There is no shortage of bad news about the state of taxonomy. Its disappearance from textbooks, curricula and graduate programs. The pitifully few jobs that support taxonomists to do taxonomy as their primary research effort. The failure of museums to grow collections in proportion to raging extinction rates. The paucity of grants for monographs and inventories, and the reprehensible lack of respect shown to descriptive, morphology-based studies.
So, where there is good news, it deserves celebration. In 2021, in recognition of the 20th anniversary of the online journal Zootaxa, its editor summarized the impressive impact that it has had on animal taxonomy. Between 2001 and 2020, Zootaxa published 29,400 papers. These were written by more than 28,000 authors and added up to 585,000 pages. Of these 1,499 were monographs 60 pages or more in length.
These publications included 60,470 species or subspecies new to science. I will save what I think of subspecies for another day, but let’s not detract from this milestone. Among these new species were more than 4000 new genera, more than 150 new tribes, more than 200 new subfamilies, and 170 new families. There were also nearly a thousand additional new names created. And, no less importantly, there were 12,684 new synonyms. These, of course, represent hypotheses of species status that were falsified, bringing new accuracy to animal nomenclature.
In the fifteen years following 2005, Zootaxa accounted for 26.6% of the new species recorded in Zoological Record. For a single journal that is a staggering impact.

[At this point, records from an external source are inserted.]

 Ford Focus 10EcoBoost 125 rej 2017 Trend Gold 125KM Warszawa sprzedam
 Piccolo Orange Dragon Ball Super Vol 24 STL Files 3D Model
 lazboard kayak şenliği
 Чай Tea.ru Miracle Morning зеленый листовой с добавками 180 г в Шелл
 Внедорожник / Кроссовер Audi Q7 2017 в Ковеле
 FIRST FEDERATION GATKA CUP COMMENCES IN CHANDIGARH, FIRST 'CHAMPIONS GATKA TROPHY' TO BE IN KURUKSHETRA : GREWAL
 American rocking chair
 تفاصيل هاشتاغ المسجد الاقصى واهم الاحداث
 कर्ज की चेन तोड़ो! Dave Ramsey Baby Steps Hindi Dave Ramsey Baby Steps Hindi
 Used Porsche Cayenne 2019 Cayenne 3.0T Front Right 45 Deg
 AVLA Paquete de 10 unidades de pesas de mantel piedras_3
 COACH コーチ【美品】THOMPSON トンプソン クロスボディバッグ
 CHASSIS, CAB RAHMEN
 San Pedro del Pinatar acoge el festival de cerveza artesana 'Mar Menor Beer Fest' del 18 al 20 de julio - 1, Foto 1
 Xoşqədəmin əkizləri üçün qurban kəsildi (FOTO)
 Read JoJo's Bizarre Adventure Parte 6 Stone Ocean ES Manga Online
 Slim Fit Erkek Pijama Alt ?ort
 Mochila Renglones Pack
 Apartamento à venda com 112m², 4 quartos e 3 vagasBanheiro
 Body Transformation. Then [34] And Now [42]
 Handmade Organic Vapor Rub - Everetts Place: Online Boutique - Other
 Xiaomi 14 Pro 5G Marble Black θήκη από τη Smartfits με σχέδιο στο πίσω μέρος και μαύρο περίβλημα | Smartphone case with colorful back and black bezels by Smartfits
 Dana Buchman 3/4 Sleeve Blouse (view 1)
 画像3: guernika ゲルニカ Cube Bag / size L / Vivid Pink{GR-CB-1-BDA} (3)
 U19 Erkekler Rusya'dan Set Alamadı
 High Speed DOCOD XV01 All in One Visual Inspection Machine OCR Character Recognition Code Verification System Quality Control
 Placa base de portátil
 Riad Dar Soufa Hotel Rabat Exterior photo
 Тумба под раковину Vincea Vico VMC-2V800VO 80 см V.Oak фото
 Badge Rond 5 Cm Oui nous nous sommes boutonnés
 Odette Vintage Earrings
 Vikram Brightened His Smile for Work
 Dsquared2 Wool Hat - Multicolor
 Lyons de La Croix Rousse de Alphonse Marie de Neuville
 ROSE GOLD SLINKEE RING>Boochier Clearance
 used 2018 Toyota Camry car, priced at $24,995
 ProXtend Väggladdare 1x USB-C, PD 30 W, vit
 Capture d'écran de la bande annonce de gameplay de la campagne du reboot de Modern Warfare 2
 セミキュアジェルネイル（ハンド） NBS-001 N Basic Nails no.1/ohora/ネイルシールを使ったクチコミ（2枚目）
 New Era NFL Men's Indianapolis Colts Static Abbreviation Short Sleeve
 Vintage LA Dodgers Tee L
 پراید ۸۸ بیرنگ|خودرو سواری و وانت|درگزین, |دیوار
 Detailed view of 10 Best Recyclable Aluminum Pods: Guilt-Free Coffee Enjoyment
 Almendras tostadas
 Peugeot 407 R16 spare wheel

The 28,000 authors behind this monumental assemblage of knowledge represented 131 countries. One reason for the success of Zootaxa is that authors may publish papers with no cost. Taxonomic papers are often longer than other scientific publications and normal page charges can be prohibitive, especially for monographs and revisions. The downside, however, is that only authors who can afford page charges are able to publish their papers as open-access titles. This is a side effect of what has been a very successful business model.
Zootaxa is an inspiring pioneer in zoological taxonomy, a journal that dares to question and go against a trend shying away from publishing descriptive taxonomy. And, it has inspired others to follow, such as Phytotaxa and ZooKeys.
While such journals deserve enormous praise for their vision and achievements, the taxonomic community still has work to do. The International Code governing scientific names in zoology does not yet require that nomenclatural acts, including newly named species, be registered in ZooBank before being recognized. Without mandatory registration, it still takes too long before all new species in a given year are readily available. Registration, of course, should include no censorship, simply assurance the rules have been followed.
Going one step farther, there are systematists who for years have championed making all taxonomic descriptions open access. I agree with them that species descriptions should belong to the world’s science community and it should not be possible to hide them behind a copyright wall. Journals could still copyright interpretive and analytical aspects of taxonomic papers while making descriptions themselves openly available. It is in the interest of everyone that such minimal descriptive information be available to all, especially in the middle of a biodiversity crisis.
One last thought is that taxonomists always get the short end of the stick when it comes to citation indices. These indices keep track of how many people cite a particular publication. The latest molecular technique, basically a how-to guide, may get thousands of citations before it is overtaken by the next technique. In contrast, a superb monograph is written off as having less value because of it has a narrow focus and therefore few immediate citations, yet it will remain useful for generations. It would be easy and ethical for online biology journals to track the use of scientific names and give credit to the taxonomists who created them.
As we confront the biodiversity crisis and a high rate of species extinction, Zootaxa is an encouraging success story. The time to document earth’s species is growing short so the importance of the Zootaxa mission could not be greater. So, Happy Birthday Zootaxa, with many more to come.